The judgment of the Court of Justice of 3 October 2019 in case Eva Glawischnig-Piesczek v. Facebook Ireland, C-18/18, is one of the Court’s multiple decisions concerning the liability of host providers and the obligations that may be imposed on them by a national court. The decision seems to follow two current pan-European (or even global) trends as far as host providers’ liability is concerned. The first is to make the liability rules stricter. The second is a shift from the concept of horizontal to that of vertical liability rules. In essence, the Court of Justice decided that a host provider might be ordered by a national court to remove (or block access to) defamatory content identical or equivalent to the information which had been previously declared unlawful.

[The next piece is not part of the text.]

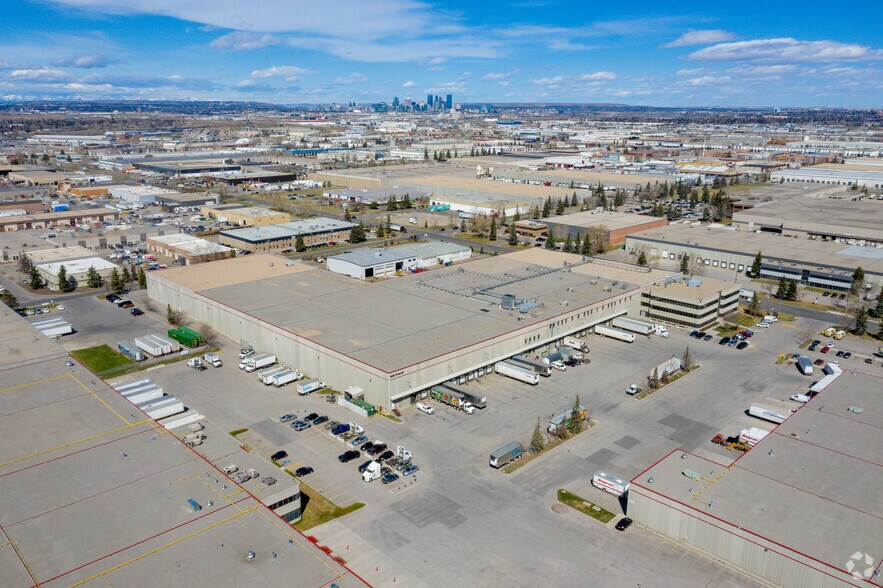 4639 72nd Ave SE, Calgary, AB à louer - Aérien – Image 2 sur 3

What is more, according to the Court a host provider may be ordered to remove (or block access) to such information worldwide as long as measures adopted by a member state allow its national courts to issue a worldwide order and the measures are consistent with applicable international law. The judgment commented on will have a great impact on the content of claims lodged by plaintiffs in personal rights infringement cases, in particular in electronic communication. The efficacy of the court order in question, however, will depend on the imagination of plaintiffs (in how to formulate their claims so that a court order covers equivalent comments as well) and defendants (in how to express their opinions in such a way that the opinions are not covered by a court order). It will be also greatly affected by national courts whose job will be to interpret the notion of “equivalent information” and to find a balance between three groups of interests: plaintiffs, defendants, and a third party that may be affected by the order (e.g. users of an online platform).